Different Types Of Analysis In Forex

By James Jones


There are three main ways to analyze Forex price action and to predict if a currency pair will rally or drop. The different methods discussed in this article have their pros and cons, but they are all handy in determining which trade setups have higher odds of winning. You can base your choice of analysis on your preference and skills, but you can also try to use all methods together in making trades.

First, there's fundamental analysis. This kind of analysis takes a look at economic reports in order to forecast if a currency is in for appreciation or depreciation. Good economic performance reflected in strong figures typically results to appreciation and poor economic performance shown by weak figures leads to depreciation.
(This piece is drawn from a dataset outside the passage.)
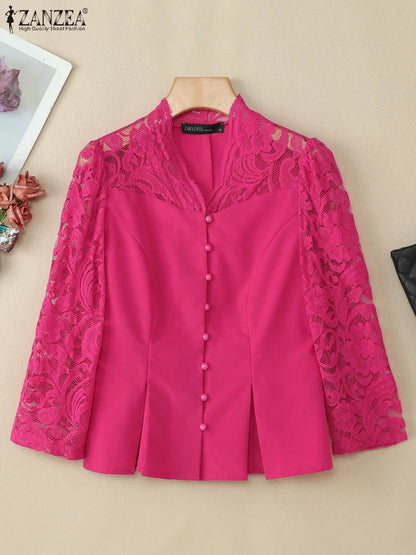 ZANZEA Elegant Womens Lace Patchwork Sheer Shirts Fashion 3/4 Sleeve Cinch-Waist Slim Fit Blouses 2025 Summer Blusas Streetwear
Fundamental analysis also watches monetary policy of central banks. This has a direct effect on currency value because it has to do with the return on holding a currency and the amount of cash in circulation. With that, it impacts the supply and demand of the currency and therefore its price. Political and environmental factors could also play a role in fundamental analysis because these usually have an indirect impact on economic activity.

The second kind of forex trading analysis is known as technical analysis. This has to do with watching previous price action in predicting future price movements. In particular, technical traders take a look at chart patterns and candlestick formations top redict if price will rise or fall.
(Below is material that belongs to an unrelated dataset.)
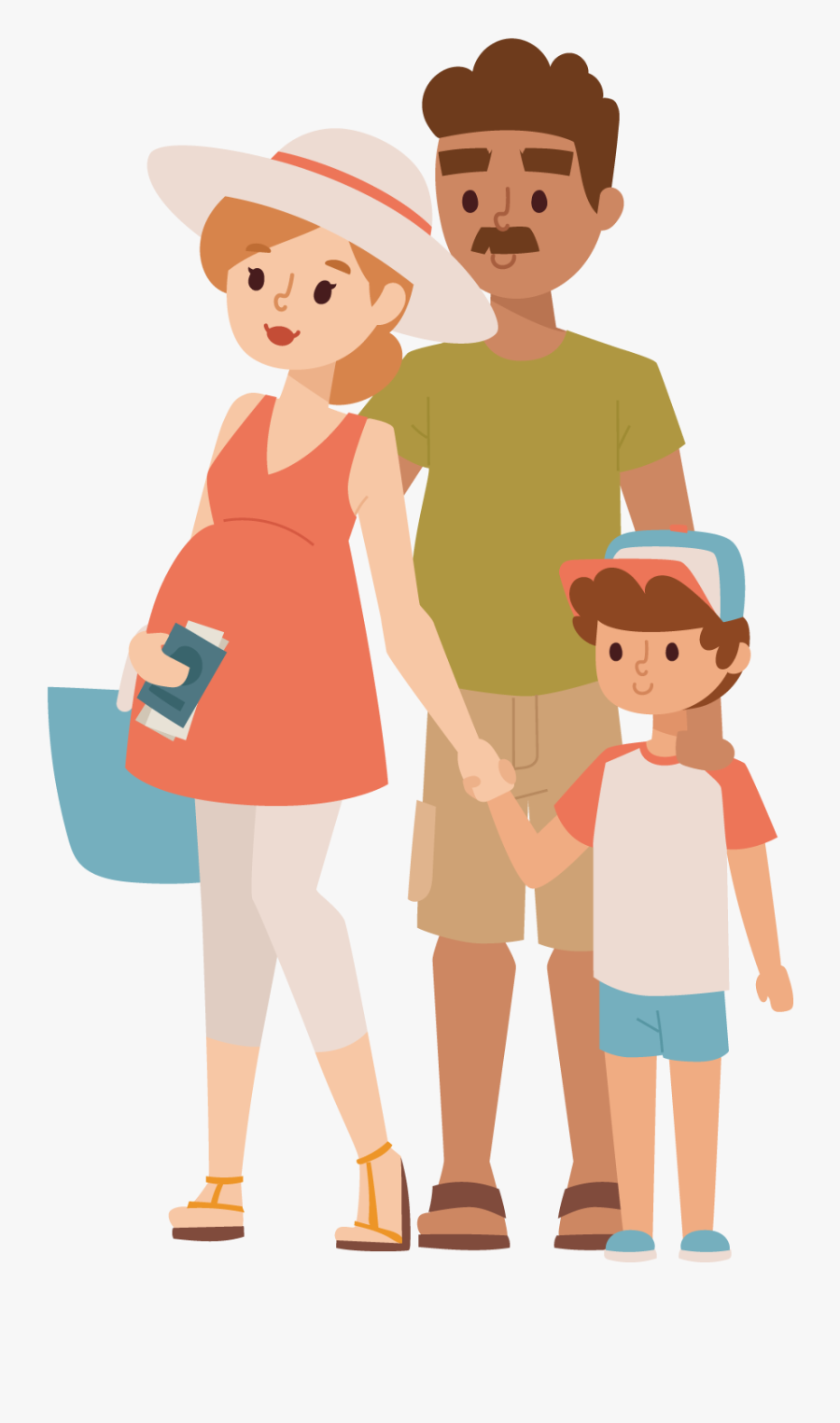 Travel Family Vacation Illustration - Pregnant Women With Family Cartoon, Transparent Clipart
In addition, technical indicators used on the forex price charts are also helpful tools in technical analysis. These comprise leading and lagging indicators, such as the RSI or Bollinger Bands. These indicators can be used in tandem to give confirmations for market tops or bottoms. Support and resistance levels, otherwise known as inflection points, are also part of technical analysis.
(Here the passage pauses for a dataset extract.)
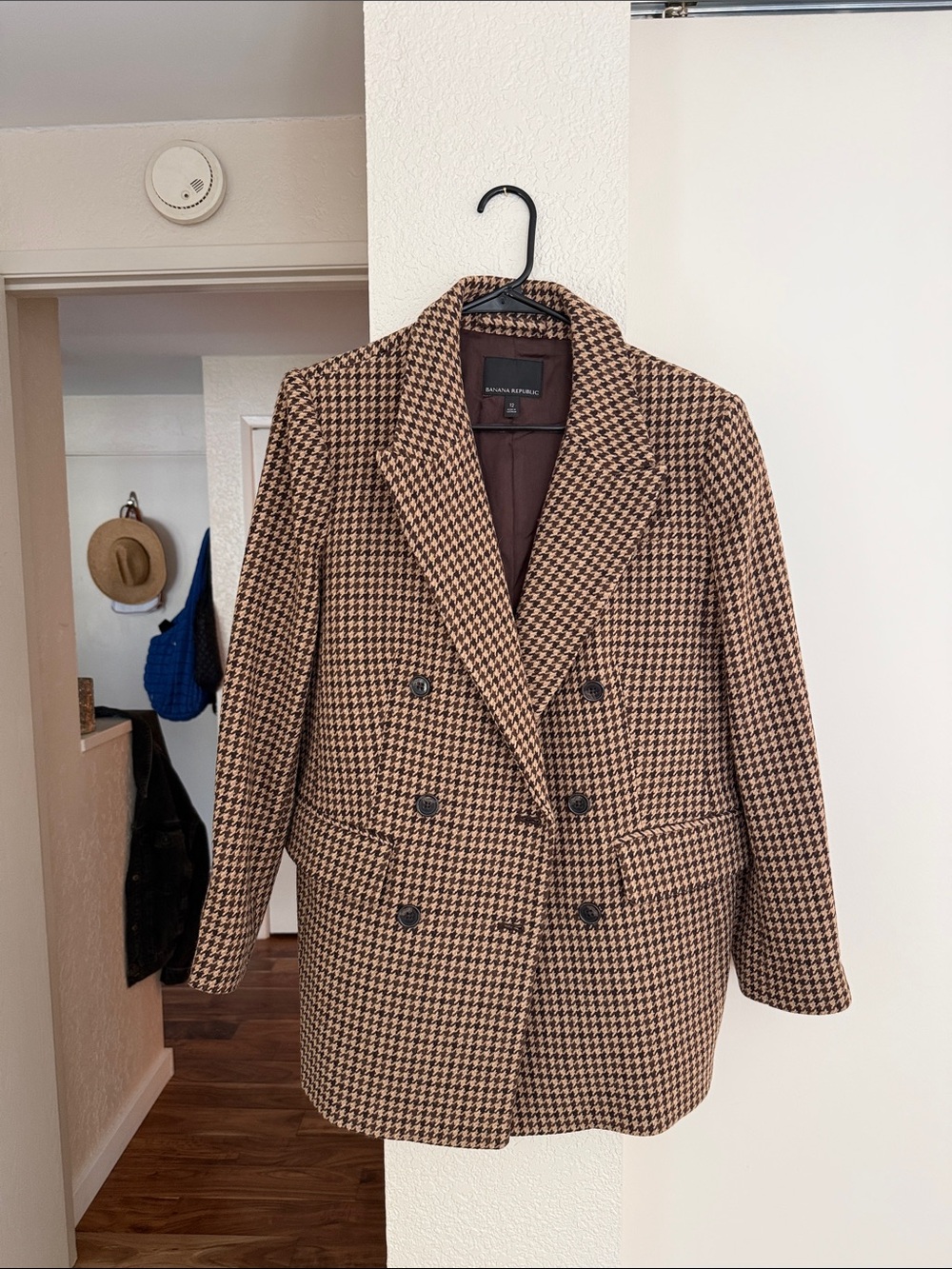 Banana Republic Brown and Black Houndstooth Double-Breasted Blazer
Lastly, traders also conduct sentiment analysis. In doing this, they watch the behavior of other traders to identify if markets are bullish or bearish for certain currencies. To do this, they also look at the risk levels. This gauges if traders are likely to pursue riskier currencies or safer ones.

When risk is on, traders tend to go for higher-yielding currencies which carry more risk. When risk is off, traders usually buy lower-yielding currencies which carry less risk, such as the dollar or yen. The Commitment of Traders report is a useful tool in identifying if large speculators or retail traders are bullish or bearish on particular currencies.

Using these three kinds of analysis all together can help improve the probability of catching profitable trades as it would allow the trader to have a more comprehensive look at the markets.